Russian Threat Actors Abuse Cloudflare and Freenom Services to run DaaS Program by CYFIRMA
It's hard for me to empathize with crypto bros, but I'm amazed at how much work goes into targeting crypto holders. By leveraging several TTPs from the phishing industry, Infostealer ecosystems, and straight-up spam networks, these networks of "wallet-drainers" target victims on popular websites like X to connect their wallet to a malicious service and have it drained of funds.
Ivanti Connect Secure: Journey to the core of the DSLog backdoor by Orange Cyberdefense
(pdf warning)
Ivanti exploitation continues, and Orange reports on a novel backdoor used by an actor abusing CVE-2024-21893, an SSRF in Ivanti Connect Secure. It's a clever payload - an SSRF exploit is sent to the device, partially overwriting a core logging script used by Ivanti to inject a webshell. It also shows how one singular investigation can give enough intel to find more compromised hosts. Starting from 1 victim, the team at Orange identified close to 700 other compromised hosts.
🔗 Open Source
DetectRaptor by mgreen27
Open-source Detection content, baby! This repository takes several practical Windows-based forensics artifacts and packages them into a Velociraptor-compatible pack. Combines several resources from loldrivers to Sigma rules.
vger by JosephTLucas
Jupyter post-exploitation toolkit. The author listed user stories at the beginning of the README, which shows who might find this tool useful. "A.I. Red Teamer" is new to me, but if you compromise a Jupyter instance belonging to an AI/ML team, you can do some fun stuff to poison models before they go out to production.
mindns by sammwyy
Mini DNS server implemented in Rust. Seems like a dnsmasq/PowerDNS replacement, and has a toml based rule language for filtering and proxying.

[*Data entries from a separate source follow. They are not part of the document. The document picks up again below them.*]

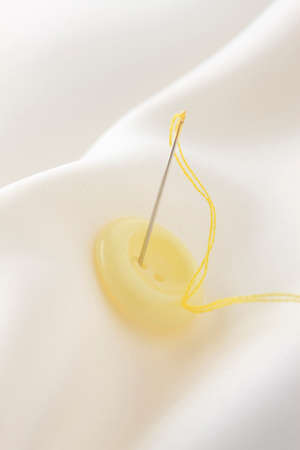 Buttons and thread and needlesの写真素材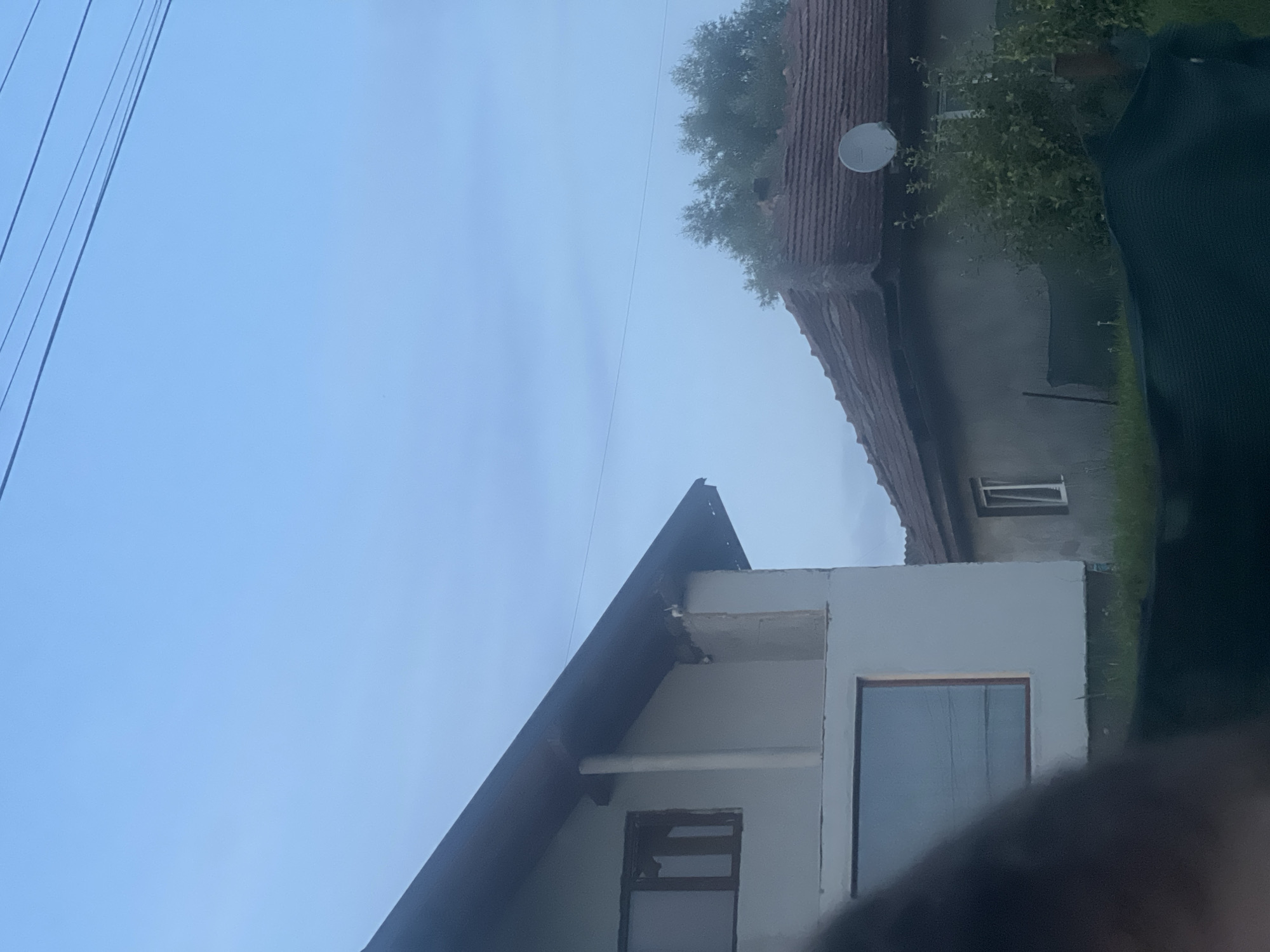 The image depicts two houses against a light blue sky with visible power lines. The house in the foreground on the left is partially under construction, with white walls and a dark-tiled roof. A large window with a dark frame is visible on its lower level. To the right, a smaller, older house with a terracotta-tiled roof and grey walls is seen. This house has a satellite dish mounted on its roof and a small window. Green bushes and grass surround the houses. The scene is an outdoor setting in Bârnova, Romania.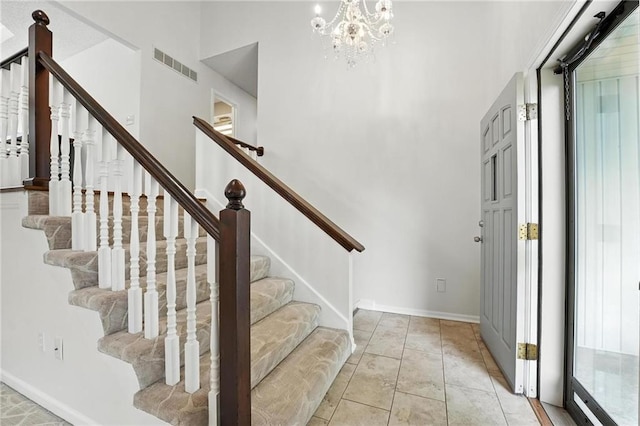 3437 N Wabash Ave, Kansas City, MO 64116 - entryway with stairs, a high ceiling, and a chandelier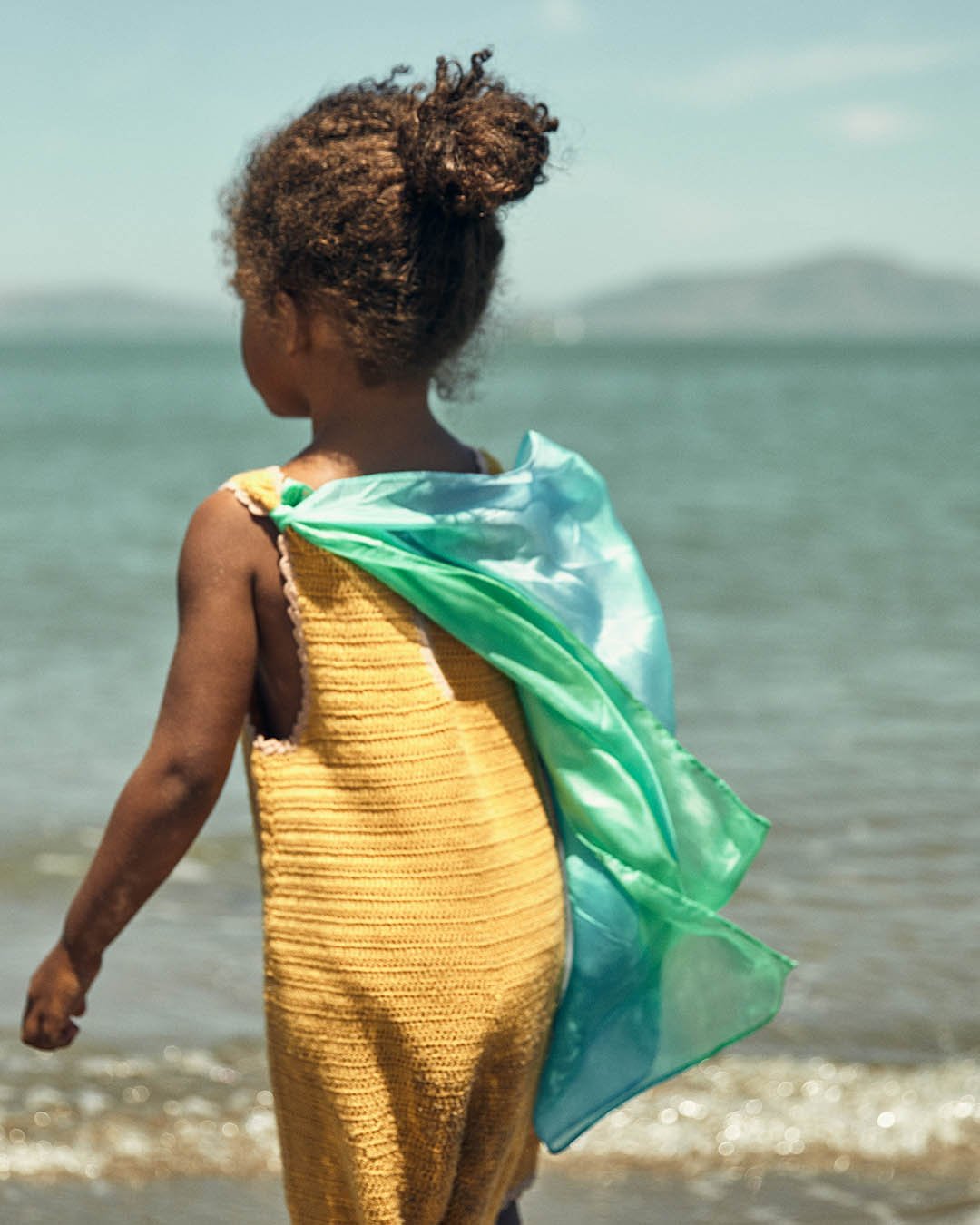 child standing on the beach wearing Sea mini play silk as a cape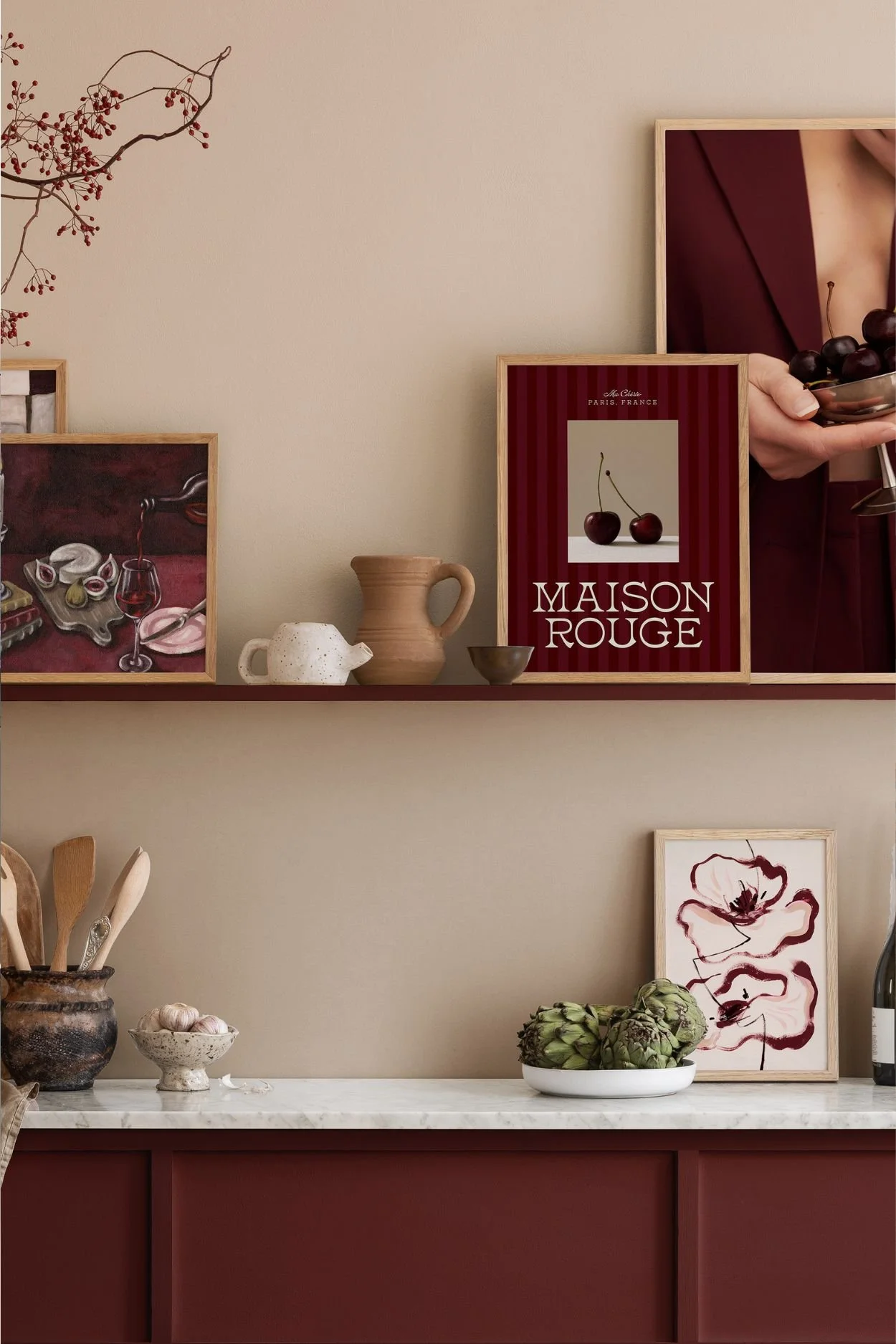 A Burgundy-toned kitchen with a shelf with frames in the same tone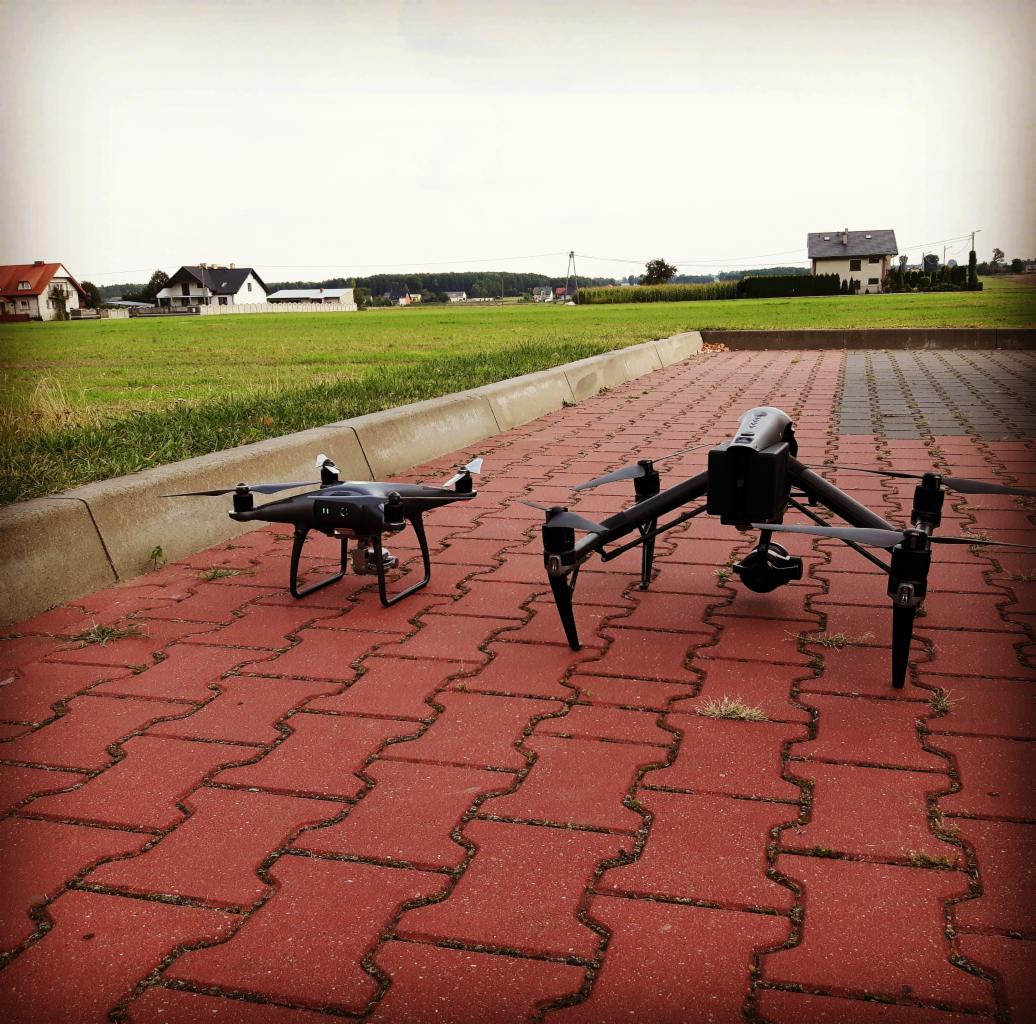 Dwa drony na czerwonej kostce brukowej, w tle zielone pole i domy; jeden dron mniejszy z białymi końcówkami śmigieł, drugi większy z kamerą pod spodem.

lolcerts by WithSecureLabs
Are lolcerts being added to the lolfarm? I hope so! It's crazy to think that we have to store stolen / legally acquired certificates as an indicator of compromise, but it should be a high-fidelity detection nonetheless.
ROADtools by dirkjanm
ROAD stands for “Rogue Office 365 and Azure (active) Directory tools). I guess it sounds better than ROENTRA. It contains 3 separate tools: a library, an enumeration/reconaissance module and a token exchange module. Seems like a great toolset to build red team/emulation efforts against Azure to test your detections against.